Nurses say they have always dealt with staffing shortages, but the problems have gotten worse under COVID.

“Some of us were taking three patients at a time when we should never have more than two," Chelsea Rabena, a surgical and trauma ICU nurse at Einstein, said of her time working during the pandemic. “And sometimes these patients, they’re so sick, they’re meant to have one nurse.”

An Einstein spokesperson did not comment on staffing levels at the hospital. Einstein said in a statement that it is “committed to bargaining in good faith with PASNAP” and wants to reach an agreement without a strike, but that the hospital will remain “fully operational” and hire “licensed, experienced temporary replacement nurses” if a strike happens.

Trinity Health spokesperson Christy McCabe said St. Mary would also hire replacement nurses to stay open if nurses went on strike. The sticking point, she said, is not staffing, but wages.

“We are hearing concerns from our community that PASNAP, which has placed patient safety at the center of their platform, would choose this time — when the country and our local community contend with a COVID-19 surge — to exercise their right to strike,” McCabe said in a statement, adding that a two-day strike would actually last five days because it would take that long to transition from replacement nurses.

At St. Christopher’s, some children have been required to stay in its ICU and ER longer than they normally would because they’re waiting for a bed on a less acute floor — one that simply doesn’t have enough nurses to admit another patient, said Maria Plano, a pediatric ICU nurse and the vice president of the PASNAP nurses' local at the hospital.

“That’s dangerous, when you are running your staff really short — especially in the emergency department, you need those nurses ready,” Plano said.

A spokesperson for Tower Health said that the hospital follows staffing “principles” developed by the American Nurses Association and added that Tower Health believes staffing requirements “alone” in a collective bargaining agreement are “not an effective tool, since many variables impact effective staffing plans.”

Plano said she and her colleagues have been fighting for appropriate staffing levels since St.

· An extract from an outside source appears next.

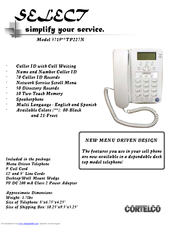 Cortelco Select 3719 Specifications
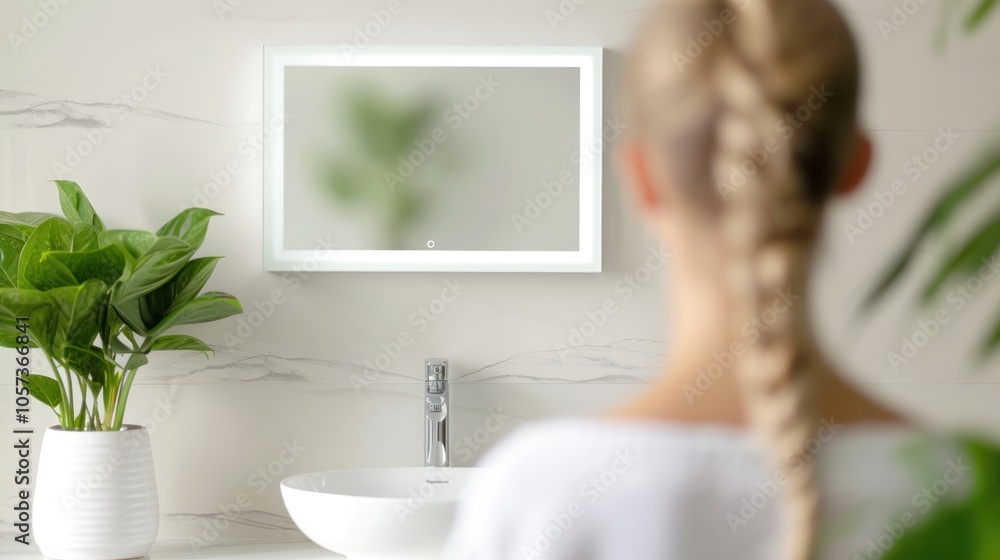 A serene bathroom scene featuring a person with a braided hairstyle in front of a modern mirror, complemented by lush green plants.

Christopher’s was bought by Tower Health and Drexel University last year. The nurses had won staffing standards in an earlier contract that was scrapped when the hospital was sold.

“If you have too many patients, you’re not able to give proper care,” she said.

That’s even more critical when caring for young children who may not understand why they’re in the hospital.

“With adults, I can reason with you — ‘Don’t pull your IV line out, don’t get out of bed,’” Plano said. “With a 4-year-old, that’s not going to work. Even for kids who aren’t super sick. It’s critical that we have enough nurses.”

Many of the issues in dispute, such as staffing problems and loss of sick time, existed before the COVID-19 pandemic hit, Plano said. But the pandemic has affected Tower’s finances to the point that the health conglomerate is now considering selling all its Philadelphia-area properties — exacerbating nurses' worry about staffing and budget cuts.

At Einstein, Rabena said nurses are asking for hazard pay for all nurses during the pandemic. During the first wave this spring, she said, only nurses who volunteered to work in COVID ICUs that the hospital set up were paid more. “Every nurse deserves that, because every nurse has dealt with this,” she said.

Rabena said voting for a strike had been a difficult decision for many Einstein nurses.

“None of us, truthfully, really, want to go on strike. We don’t want to do that to our community,” she said. “But we feel like there’s no other way of getting the administration to hear us and understand how we really feel about everything.”